Sie blinzelte. »Bei den Treffen? Selbstverständlich. Ich habe gedacht, Sie wüssten das. Ian ist der Meinung, ich könnte vielleicht hilfreich sein. Wenn Sie einverstanden sind?«

Er zuckte mit den Schultern.

»Ich brauche nicht unbedingt Hilfe. Aber Sie wiederzusehen würde die ganze Sache wenigstens ein wenig interessanter machen.« Ihre Augen wurden größer. Er hatte sie erwischt. Neugierig wartete er ab, wie sie reagieren würde.

»Ich dachte, Sie würden womöglich gern erst einmal in Ruhe ankommen und die nächsten Tage mit Ian und Lucien verbringen. Ohnehin bin ich erst einmal nicht in der Stadt. Dann könnten wir die Verhandlungen am Donnerstag mit einem Meeting beginnen, zu dem zwei Vertreter von Gersbach kommen«, hob Lin, plötzlich sehr forsch und geschäftsmäßig, an. Sie hatte also beschlossen, auf sein Angebot nicht einzugehen. »Ich würde vorschlagen, dass Sie sich zuerst mit Gersbach treffen, damit klarer wird, worüber wir hier verhandeln. Wie Sie sicherlich wissen, ist Gersbach die führende Schweizer Uhrenmanufaktur. Trotz ihrer Größe ist sie noch immer ein Familienunternehmen. Und die Familie regelt ihre Geschäfte gern von Angesicht zu Angesicht. Otto Gersbach, der derzeitige Geschäftsführer, führt diese Familientradition fort. Er setzt sich mit potenziellen Geschäftspartnern zusammen, isst mit ihnen und lernt sie gern auf einer persönlichen Ebene kennen.«

»Wenn es ihm so wichtig ist, die Geschäfte auf persönlicher Basis abzuschließen, dann verstehe ich nur nicht recht, warum er sich nicht daran stört, dass auch seine Konkurrenten zu einem Treffen eingeladen werden.« Er warf Lin einen Blick zu. Sie hatte eine unerbittliche Miene aufgesetzt. »Ach, ich verstehe. Er weiß gar nichts davon«, fügte er hämisch grinsend hinzu.

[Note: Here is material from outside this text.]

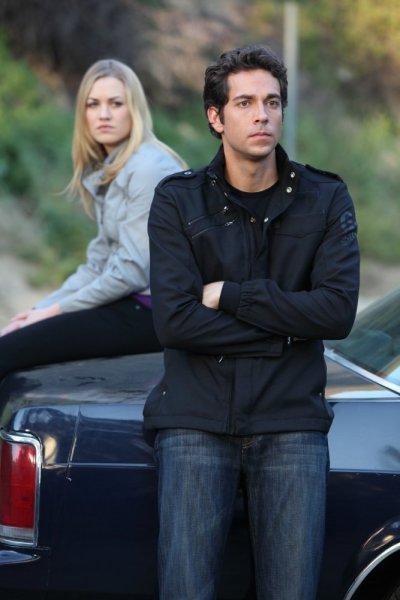 Still of Zachary Levi and Yvonne Strahovski in Cakas (2007)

»Es stimmt, ich habe es ihm nicht ausdrücklich gesagt«, erwiderte sie ruhig. Sie war wirklich sehr cool. Er beobachtete, wie sie den silbernen Löffel zwischen ihre Lippen schob. Ihre weiße, mit Perlen geschmückte Kehle wölbte sich ein wenig, als sie schluckte. Im Kopf rief er sich zu wegzuschauen. Sie war doch eigentlich viel zu cool, um ihn so heiß zu machen. Dieses Ungleichgewicht irritierte ihn. Plötzlich erschien ihm die Idee, seine rauen Hände über ihren seidigen Körper streichen zu lassen … seinen großen, schmerzenden Schwanz in ihre glatte Muschi zu drücken genauso wahrscheinlich wie ein eiskalter Winter in der Sahara.

Aber ein Mann musste ja noch träumen dürfen. Wenn die Fantasien so heiß waren wie die von Lin inspirierten, so hatte er keine andere Wahl.

»Doch Otto wird höchstwahrscheinlich ahnen, dass es andere Interessenten für Ihr Produkt gibt«, fuhr sie fort. »Er ist ja kein Dummkopf.«

Da sie ihren Löffel ablegte, sich zum Stuhl neben ihr umdrehte und ihre kleine, schmale Handtasche ergriff, hielt auch er mit dem Essen inne. Sie legte die Tasche in ihren Schoß und zog mit präzisen und eleganten Bewegungen etwas daraus hervor. Er hatte das Schwarz-Weiß-Foto eines gutaussehenden Mannes Ende Fünfzig mit ergrauendem, hellem Haar vor sich. Er saß an einem mit Papier bedeckten Tisch, und sein Mund war geöffnet, sodass es aussah, als habe er gesprochen, während dieses Foto von ihm gemacht wurde.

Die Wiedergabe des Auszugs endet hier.